▶ [SUPPLIED INFORMATION]
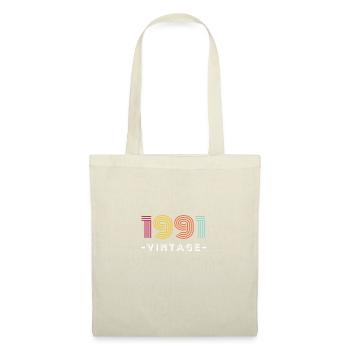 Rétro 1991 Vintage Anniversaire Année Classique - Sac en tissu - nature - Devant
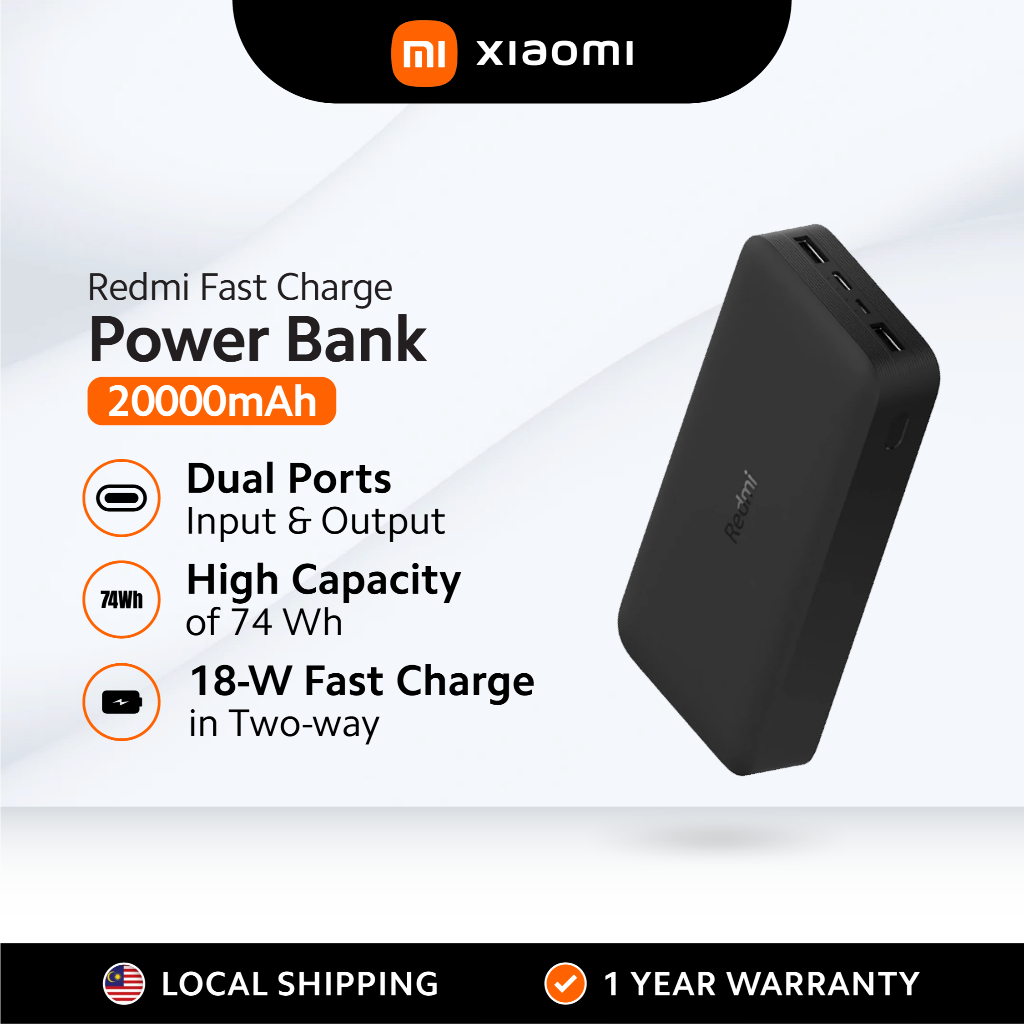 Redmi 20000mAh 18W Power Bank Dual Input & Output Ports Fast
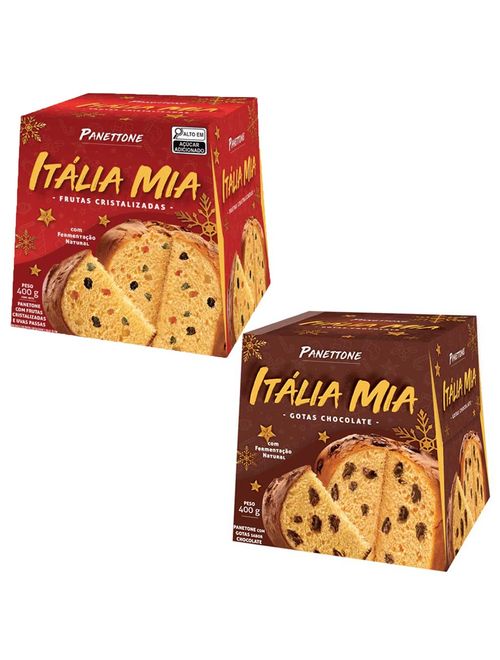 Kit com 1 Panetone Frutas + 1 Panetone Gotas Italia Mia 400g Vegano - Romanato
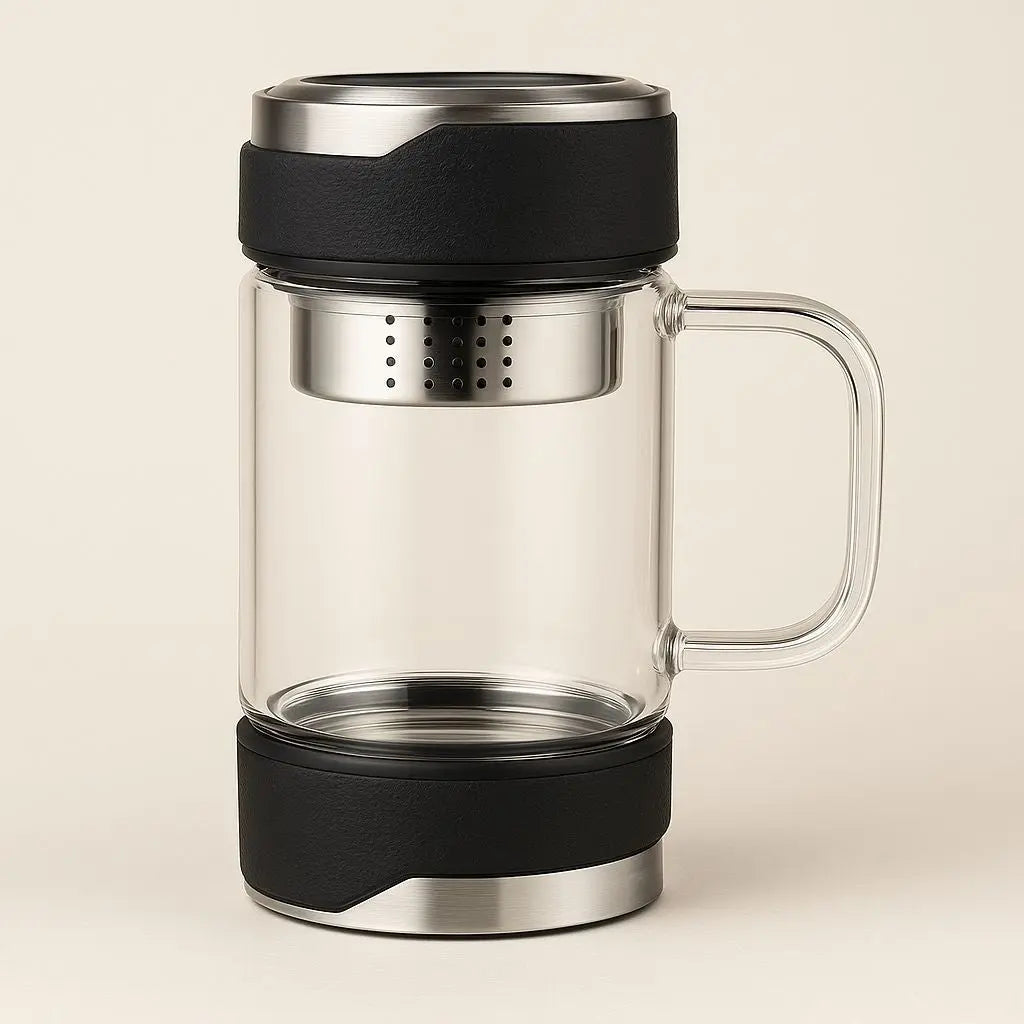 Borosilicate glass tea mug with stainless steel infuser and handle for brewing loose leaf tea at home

▶ [WHAT THIS TASK INVOLVES] Could the data above be reproduced exactly, with the pictures left out?

▶ [RESPONSE AREA]
 Rétro 1991 Vintage Anniversaire Année Classique - Sac en tissu - nature - Devant
 Redmi 20000mAh 18W Power Bank Dual Input & Output Ports Fast
 Kit com 1 Panetone Frutas + 1 Panetone Gotas Italia Mia 400g Vegano - Romanato
 Borosilicate glass tea mug with stainless steel infuser and handle for brewing loose leaf tea at home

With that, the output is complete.